Last week, Sacramento State head football coach Marshall Sperbeck resigned with little warning from that position. According to Jay Davidson and Bill Paterson of the Sacramento Bee, the reason is thought to do with potential NCAA violations:

Sac State athletic director Terry Wanless said Sperbeck “resigned for personal reasons” with two years left on his contract. Wanless wouldn’t confirm that the coach stepped down as a result of an internal investigation that started with an anonymous 10-page letter that was sent to The Bee, Sac State and the NCAA. The letter outlined in detail how Sperbeck allegedly violated NCAA rules by exceeding the phone call limit to recruits and stopping by a workout during an NCAA coaching “dead period.”

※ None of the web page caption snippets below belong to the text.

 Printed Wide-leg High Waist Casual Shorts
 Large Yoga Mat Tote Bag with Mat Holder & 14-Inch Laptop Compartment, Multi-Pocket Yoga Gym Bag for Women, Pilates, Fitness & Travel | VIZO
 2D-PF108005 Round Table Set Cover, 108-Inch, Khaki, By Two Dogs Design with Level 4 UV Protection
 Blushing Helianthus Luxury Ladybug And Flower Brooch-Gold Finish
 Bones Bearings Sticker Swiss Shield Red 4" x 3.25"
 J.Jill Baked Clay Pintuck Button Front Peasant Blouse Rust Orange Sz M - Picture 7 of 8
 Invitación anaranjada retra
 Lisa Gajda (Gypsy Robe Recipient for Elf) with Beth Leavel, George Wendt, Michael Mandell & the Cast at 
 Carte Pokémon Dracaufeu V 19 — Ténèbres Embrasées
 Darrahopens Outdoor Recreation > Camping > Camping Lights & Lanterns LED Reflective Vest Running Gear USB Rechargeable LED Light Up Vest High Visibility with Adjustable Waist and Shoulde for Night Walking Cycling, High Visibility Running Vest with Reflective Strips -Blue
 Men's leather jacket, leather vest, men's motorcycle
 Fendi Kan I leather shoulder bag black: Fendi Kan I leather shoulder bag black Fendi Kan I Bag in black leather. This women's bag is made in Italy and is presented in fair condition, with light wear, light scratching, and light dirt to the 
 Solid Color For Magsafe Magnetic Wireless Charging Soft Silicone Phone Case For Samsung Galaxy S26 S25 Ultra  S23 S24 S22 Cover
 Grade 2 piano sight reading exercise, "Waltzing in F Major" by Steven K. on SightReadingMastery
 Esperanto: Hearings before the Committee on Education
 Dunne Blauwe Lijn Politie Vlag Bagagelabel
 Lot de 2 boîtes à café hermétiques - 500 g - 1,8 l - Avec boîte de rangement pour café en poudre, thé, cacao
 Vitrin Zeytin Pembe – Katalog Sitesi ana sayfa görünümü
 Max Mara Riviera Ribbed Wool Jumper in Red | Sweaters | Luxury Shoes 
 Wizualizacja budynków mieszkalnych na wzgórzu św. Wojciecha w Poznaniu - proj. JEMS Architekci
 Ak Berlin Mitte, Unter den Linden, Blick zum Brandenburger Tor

Those two violations are not serious enough to warrant an immediate resignation unless Sperbeck had violated both rules many times. Then again it also does not take 10-pages to outline relatively minor NCAA violations unless there were very many and the detail was as exhaustive as an NCAA public report.

The article does not mention when the letter arrived at the newspaper, NCAA, or Sac State. If an investigation had been going on a while, it is possible that it was prompted by the violations alleged in the letter but revealed something more serious. If the university decided that Sperbeck would be facing some of the most serious penalties for a coach in the NCAA’s new enforcement structure, resigning might have become more attractive.